The scope and what we're doing

The Medical Research Council’s population health sciences programme embraces the study of biological, social and environmental influences on the physical and mental health and wellbeing of populations.

A key aim of population health research is to understand how and why health and wellbeing varies within and between populations and across the life course, and how the health of the public can be improved through clinical or public health interventions.

The public sector funding responsibility for population and public health research is shared between UK Research and Innovation (UKRI), the National Institute for Health Research (NIHR) and the health departments of Scotland, Northern Ireland and Wales.

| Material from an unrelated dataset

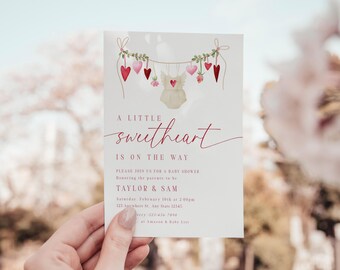 May include: A baby shower invitation with a watercolor illustration of a garland of pink and red hearts with a baby onesie hanging in the middle. The text reads "A little sweetheart is on the way" and includes the names "Taylor & Sam" and the date and time of the shower.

We lead on discovery work in population health sciences and all aspects of global public health research, with the health departments and NIHR responsible for more applied public health research in the UK.

The science we support

Our investments include epidemiological studies including population cohorts, prevention research, methodology, intervention development, infrastructure informatics and global public health. We fund applied public health research through multi-funded partnerships and in MRC units and centres.

Cohorts

For more than 50 years, MRC has funded a diverse range of population cohorts for longitudinal population studies that have provided important insights into the determinants of health, wellbeing and disease. They have also contributed to public health policy and changes in clinical practice. To maximise the value of these studies, it is important to gain a comprehensive understanding of how they fit into the context of the wider UK population cohort landscape.

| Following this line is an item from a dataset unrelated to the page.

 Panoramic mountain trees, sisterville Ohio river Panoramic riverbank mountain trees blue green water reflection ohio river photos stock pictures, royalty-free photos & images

We have carried out a review of the largest UK population cohort studies:

  • to document the current investment in these cohorts
  • to model how the studies will develop over the next 10 years

A total of 34 cohorts were included, 19 of which we either partly or fully funded. MRC funding accounts for just under £10 million of the total combined annual spend on these cohorts of £27.6 million. They span the whole life course from birth to 100 years of age, and together contain 2.2 million participants.

Read the strategic review: Maximising the value of UK population cohorts.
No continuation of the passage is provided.